Here's a list of the "general" features of the files:

  1. Large unchanging files
  2. They can be renamed or moved around

[Edit:] These all are good answers, and what I end up doing in the end was looking at all of the answers and will be writing some code to deal with this. Basically what I am thinking/working on now is:

  1. Using something like AIDE for the "initial" scan and enable me to keep checksums on the files because they are supposed to never change, so it would aid on detecting corruption.
  2. Creating an inotify daemon that would monitor these files/directory and recording any changes relating to renames & moving the files around to a log file.
  3. There are some edge cases where inotify might fail to record that something happened to the file system, thus there is a final step of using find to search the file system for files that has a change time latter than the last backup.

This has several benefits:

  1. Checksums/etc from AIDE to be able to check/make sure that some media did not get corrupt
  2. Inotify keeps resource usage low and no need to re-scan the filesystem over and over
  3. No need to patch rsync; If I have to patch things I can, but I would prefer to avoid patching things to keep the burden lower, (IE don't need to re-patch everytime there is an update).
  4. I've used Unison before and its really nice, however I could've sworn that Unison does keep copies around on the filesystem and that its "archive" files can grow to be rather large?

Unison http://www.cis.upenn.edu/~bcpierce/unison/ claims to be able to detect moves and renames.

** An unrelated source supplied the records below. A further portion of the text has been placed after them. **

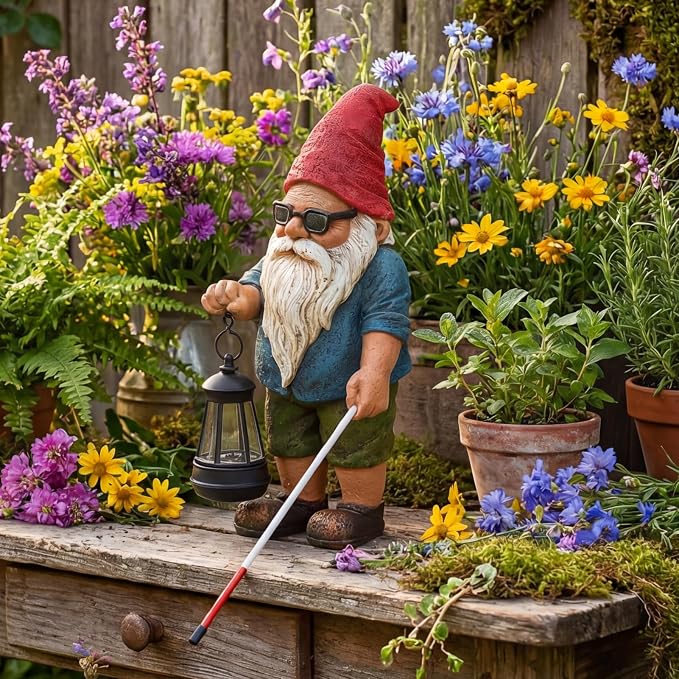 Garden Gnome Outdoor Statue -10.2 inches Outdoor Decor - Image 7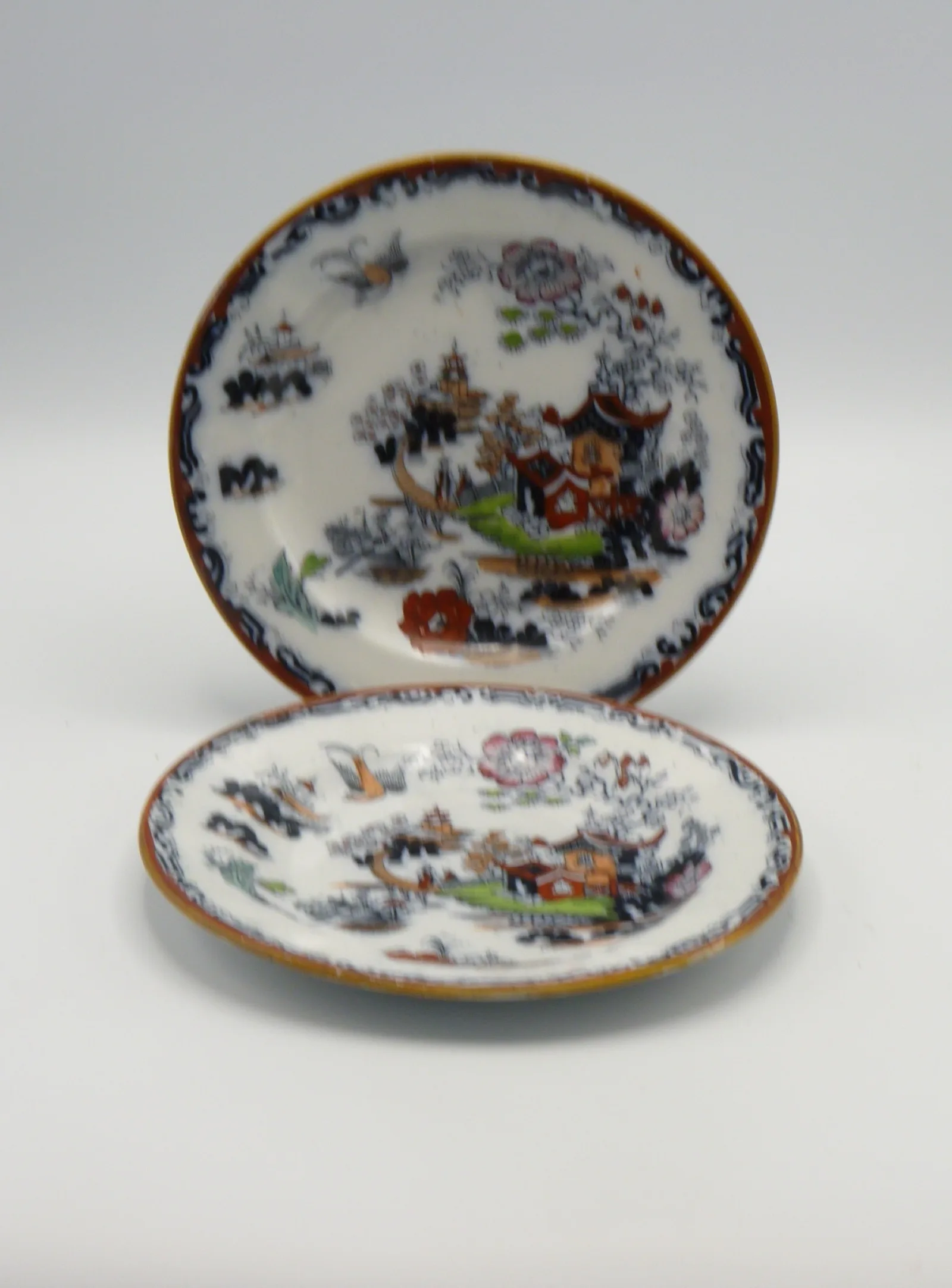 Pair of Mulberry Polychrome Plates - Chili - Middlesborough Pottery - Image 2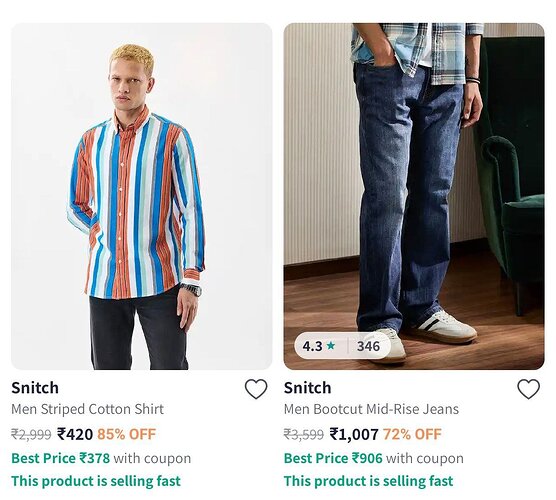 SNITCH Clothing Sale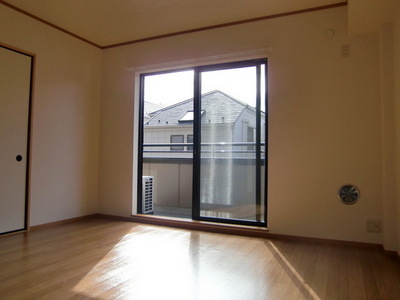 Living and room. Facing south in the sunny living room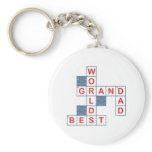 Crossword Grandpa Keychain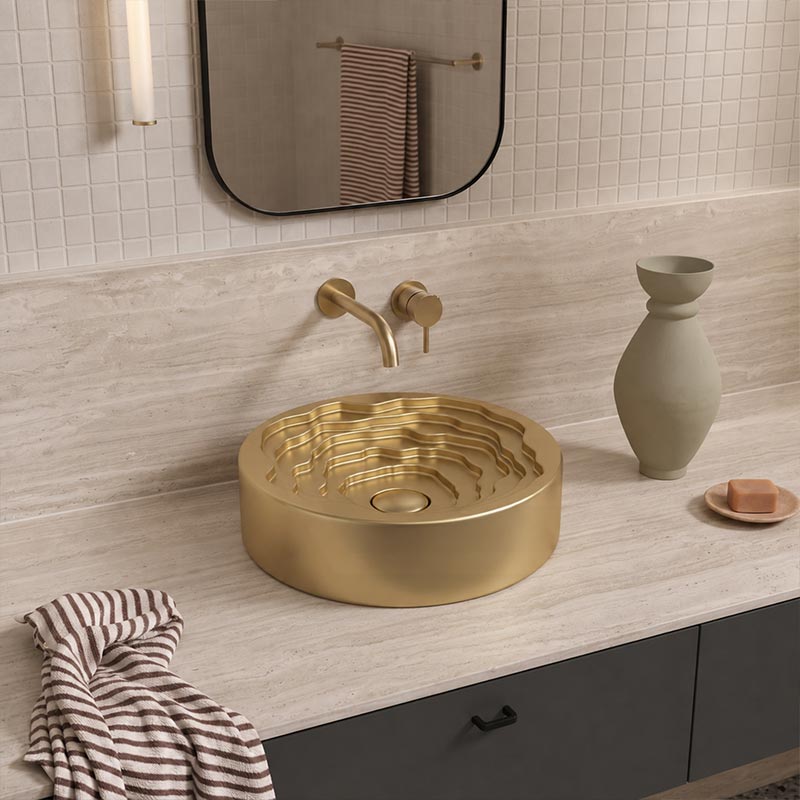 Round Ceramic Above Counter Basin 410x410x130mm - 4 Colours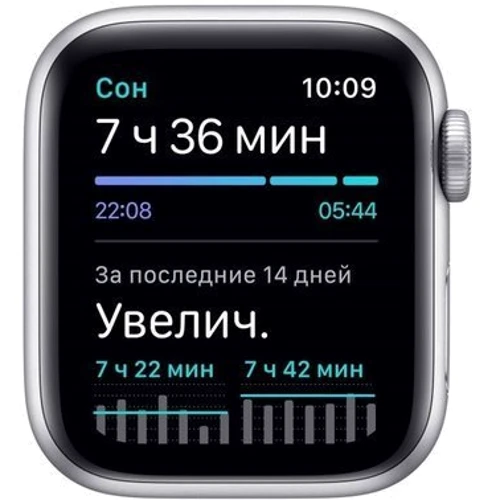 Apple Watch SE 40mm GPS Silver Aluminum Case with White Sport Band (MYDM2) Approved Витринный образец фото 4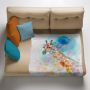 Giraffe Light Weight Fleece Blanket By Kristin Van Lieshout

There are a couple patches to rsync to add move/rename detection:

http://gitweb.samba.org/?p=rsync-patches.git;a=blob;f=detect-renamed-lax.diff;h=1ff593c8f97a97e8970d43ff5a62dfad5abddd75;hb=master

http://gitweb.samba.org/?p=rsync-patches.git;a=blob;f=detect-renamed.diff;h=c3e6e846eab437e56e25e2c334e292996ee84345;hb=master

Bugzilla entry tracking this issue: https://bugzilla.samba.org/show_bug.cgi?id=2294


This is a bit of an odd solution, but... git detects moves and renames based on file content, so if you were to keep the directories in question under version control then git would be able to detect moves and such and avoid transferring the content (since it's already on both sides of the wire) while still moving things around in the tree.

Just a thought.


interesting suggestions here. Also thought of using filesystem capabilities ie ZFS. Found it strange that there is no tool which does that simple thing. Unison option does not work in most cases as people report, not for me either.

I want the feature to keep backup of my movie collection on second hard disk in sync when rearraring folders.

Now i found this simple C script http://sourceforge.net/projects/movesync/

Seems to work fine. Run it and then sync normally with ie unison.


You might be able to use a host based IDS such as AIDE and write a wrapper script using its output. You would likely have to write more complex logic considering the checksums.

Otherwise, a network based filesystem might make sense, as the changes would be reflected at all locations. Nevertheless, I suspect you are transferring over the Internet, which will limit options here.